*** Opening Input data ***
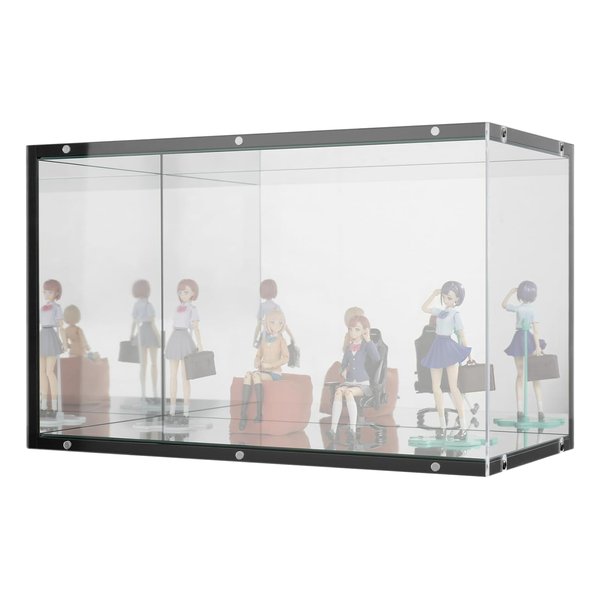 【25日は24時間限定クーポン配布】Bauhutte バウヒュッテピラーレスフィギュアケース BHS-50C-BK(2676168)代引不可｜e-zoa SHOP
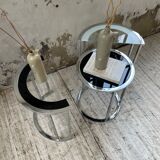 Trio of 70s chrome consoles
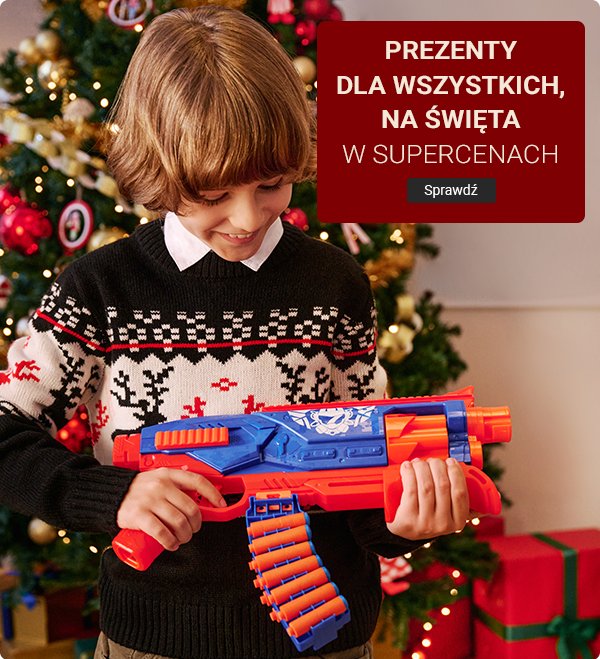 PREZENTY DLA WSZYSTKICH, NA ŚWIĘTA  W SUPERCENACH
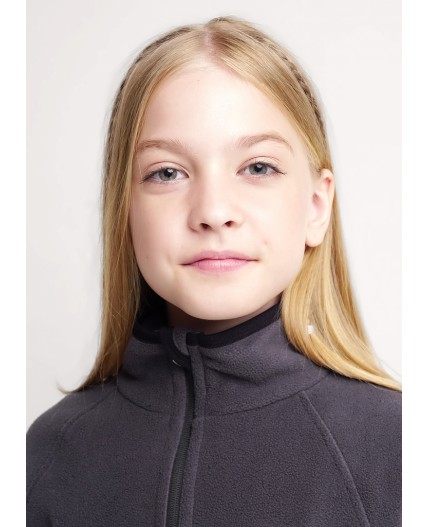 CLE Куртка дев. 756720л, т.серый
*** Closing Input data ***
> What is required: Nothing but the pictures may be dropped as you repeat the listing above exactly.

> Response area:
 【25日は24時間限定クーポン配布】Bauhutte バウヒュッテピラーレスフィギュアケース BHS-50C-BK(2676168)代引不可｜e-zoa SHOP
 Trio of 70s chrome consoles
 PREZENTY DLA WSZYSTKICH, NA ŚWIĘTA  W SUPERCENACH
 CLE Куртка дев. 756720л, т.серый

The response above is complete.